Given entries Block Start

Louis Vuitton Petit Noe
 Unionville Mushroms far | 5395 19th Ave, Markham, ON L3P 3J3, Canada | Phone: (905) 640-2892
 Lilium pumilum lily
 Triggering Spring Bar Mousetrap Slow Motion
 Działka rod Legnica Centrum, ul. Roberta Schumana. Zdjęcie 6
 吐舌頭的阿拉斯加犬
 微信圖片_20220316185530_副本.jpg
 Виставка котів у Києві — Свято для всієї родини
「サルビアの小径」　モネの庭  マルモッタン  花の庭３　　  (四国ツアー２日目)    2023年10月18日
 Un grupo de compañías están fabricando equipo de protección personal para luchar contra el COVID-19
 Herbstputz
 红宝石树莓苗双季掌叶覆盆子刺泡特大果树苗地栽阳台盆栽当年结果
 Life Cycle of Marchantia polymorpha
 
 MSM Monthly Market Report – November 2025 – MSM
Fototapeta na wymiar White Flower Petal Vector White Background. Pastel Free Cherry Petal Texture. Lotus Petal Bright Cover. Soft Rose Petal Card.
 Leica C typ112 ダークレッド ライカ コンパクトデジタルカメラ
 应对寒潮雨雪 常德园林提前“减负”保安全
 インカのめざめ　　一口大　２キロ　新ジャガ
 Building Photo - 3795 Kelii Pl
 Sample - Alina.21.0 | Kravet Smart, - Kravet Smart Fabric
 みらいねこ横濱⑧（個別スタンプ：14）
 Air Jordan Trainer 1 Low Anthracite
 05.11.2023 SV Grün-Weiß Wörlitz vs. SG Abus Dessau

Given entries Block End

* _Aim of the exercise_:
Copy only the stretch running from the line containing "Sample - Alina.21.0" to the final line of the entries, both ends included, exactly as it stands.

* _Response to this task_:
 Sample - Alina.21.0 | Kravet Smart, - Kravet Smart Fabric
 みらいねこ横濱⑧（個別スタンプ：14）
 Air Jordan Trainer 1 Low Anthracite
 05.11.2023 SV Grün-Weiß Wörlitz vs. SG Abus Dessau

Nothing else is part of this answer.